Karl Meier (eigentlich Rudolf Carl Rheiner) war ein Schweizer Schauspieler, der sich von 1943 bis 1967 als Herausgeber und Redaktor der weltweit bekannten dreisprachigen Homosexuellenzeitschrift Der Kreis einen Namen machte. Mit der homosexuellen Subkultur seiner Zeit war Karl Meier in den 1920er Jahren in Berlin gekommen. Er freundete sich hier mit Adolf Brand (1874–1945) an und publizierte zunächst einige Artikel in dessen Zeitschrift Der Eigene, später auch in der tschechoslowakischen Zeitschrift Hlas, dann im Schweizerischen Freundschafts-Banner und in Menschenrecht. Als Herausgeber des Kreis bediente er sich konsequent des Pseudonyms „Rolf“.

Nach „Larion Gyburc-Hall“ (Werner Schmitz) erntete „Rolf“ auf dem 1953er ICSE-Kongress „größten Beifall“ für seine „herzliche Aufmunterung zum Weiterstreben und Weiterkämpfen“, die all denen wie aus dem Herzen gesprochen gewesen sei, die „in Staaten und Rechtsordnungen zu leben gezwungen sind, die menschenunwürdig genannt werden müssen“. So war denn eins der nachdrücklichsten Erlebnisse und Ergebnisse „Gyburc-Halls“, die er seinem Bericht in der Zeitschrift Der Weg zufolge von dem Kongress mitgenommen hatte, das Gefühl: „Ihr seid nicht allein. Wir sind auch noch da. Wir helfen euch“.

Wie allein sich viele Homophile seinerzeit fühlten und wie sehr sie – selbst in „fortschrittlichen“ Staaten – befürchteten, dass sie kaum auf die Solidarität und Unterstützung der Heterosexuellen zählen konnten, sondern sich allenfalls auf die Hilfe untereinander verlassen mussten, belegt das Resümee „Rolfs“, der im Anschluss an den Amsterdamer ICSE-Kongress im Kreis plädierte: „Isolieren wir uns freiwillig und leben wir unser Leben einstweilen ruhig neben der Gesellschaft, die bestenfalls ein mitleidiges Achselzucken für uns übrig hat. Man muss auf die verlogene Konvention verzichten, bevor sie uns den Fusstritt gibt. Leben wir füreinander, miteinander – so wenig wie möglich nach aussen wahrnehmbar.“ Als Schweizer ging „Rolf“ davon aus, die Mehrheitsgesellschaft werde die homosexuelle Minderheit auch in hundert Jahren nicht verstehen oder tolerieren.

Weiterführende Literatur

Gyburg-Hall [sic!], Larion [d.i. Werner Schmitz] (1953): Bindet den Helm fester! Bericht über den 3. Internationalen Kongreß für sexuelle Gleichberechtigung vom 12.–14. September 1953 zu Amsterdam, in: Der Weg zu Freundschaft und Toleranz (Jg. 3), Nr. 10 (Oktober 1953), S. 4-7, hier S. 5 und 7.

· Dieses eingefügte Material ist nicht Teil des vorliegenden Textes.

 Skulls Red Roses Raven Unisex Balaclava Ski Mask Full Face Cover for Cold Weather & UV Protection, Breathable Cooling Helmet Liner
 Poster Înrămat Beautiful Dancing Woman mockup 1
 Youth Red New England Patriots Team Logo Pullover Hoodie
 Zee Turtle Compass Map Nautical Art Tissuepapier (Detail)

Rolf [d.i. Karl Meier] (1953): Nachklang zum Internationalen Kongress, in: ICSE-Newsletter (November/Dezember 1953), S. 163-165.

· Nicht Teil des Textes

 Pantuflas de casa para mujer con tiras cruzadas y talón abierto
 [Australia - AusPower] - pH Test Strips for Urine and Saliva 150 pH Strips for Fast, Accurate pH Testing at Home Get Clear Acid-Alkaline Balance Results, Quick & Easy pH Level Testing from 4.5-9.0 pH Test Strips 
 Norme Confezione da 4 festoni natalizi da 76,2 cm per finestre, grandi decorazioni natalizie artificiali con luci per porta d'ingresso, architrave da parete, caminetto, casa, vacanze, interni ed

Rolf [d.i. Karl Meier] (1953): Gedanken zum Internationalen Kongress in Amsterdam. 12.–14. September 1953, in: Der Kreis (Jg. 21), Nr. 10 (Oktober 1953), S. 2-4.

Rolf [d.i. Karl Meier] (1953): Beim Lesen notiert, in: Der Kreis (Jg. 21), Nr. 10 (Oktober 1953), S. 5-6.

Salathé, André (1996): Karl Meier „Rolf“ (1897–1974). Schauspieler, Regisseur, Herausgeber des „Kreis“, in: Thurgauer Köpfe (Bd. 1). Frauenfeld: Verlag des Historischen Vereins des Kantons Thurgau, S. 203-214.

Steinle, Karl-Heinz (1999): Der Kreis. Mitglieder, Künstler, Autoren (Hefte des Schwulen Museums, 2). Berlin: Verlag rosa Winkel, S. 5-17.